初めにことわっておくが、今回のタイトルは世のブログの大勢に倣い、羊頭狗肉なものにした。本文を読み進めれば、その意図がわかるはずである。

圧倒的な人口差がある国との比較に意味があるのか

さて、WHOのデータによると4月26日時点でフィンランドで確認された感染者は4475人、死亡186人。一方、日本ではそれぞれ1万3371人、366人である。こうしたことから「フィンランドでは感染者が少ない」といった報道がなされてきたわけだが(「現代ビジネス・講談社」など)、本当だろうか。

そもそも、感染者数の多寡を比べることにどれほどの意味があるのか。感染者に数えられるのは受診者だけだから、実態を表していないことは誰もが知っている。潜在的な感染者を含めれば、公表値を上回っていることはまちがいない。そんなあいまいな数値をもとにして客観的な分析ができるのだろうか。

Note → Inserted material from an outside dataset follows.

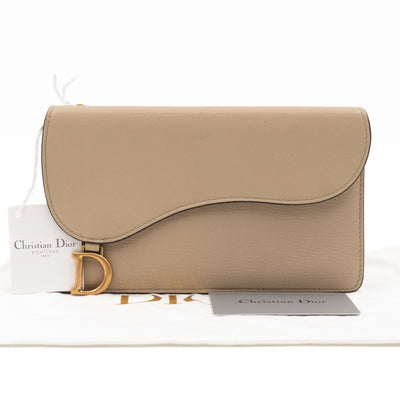 Large Saddle Flap Zipped Wallet Beige Leather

いっぽう、死亡者数は絶対値だから各国の状況を比較する根拠になりうる。情報隠蔽を疑うとキリがないのだが、統計を信じてフィンランドと日本での死亡者数を比べてみよう。そうすると日本の総数はフィンランドの倍であることがわかる。これに基づき、「なぜフィンランドでは感染者(実際には死亡者)が少ないのか」と問うのなら、答えは簡単だ。人口が少ないからに他ならない。 

現在の日本の人口は約1億2600万人。かたやフィンランドは550万人。およそ23:1である。つまり、フィンランドでの186人の死者は、日本なら4000人以上に相当するわけだ。これでも「フィンランドでは感染者が少ない」と言い張るつもりか。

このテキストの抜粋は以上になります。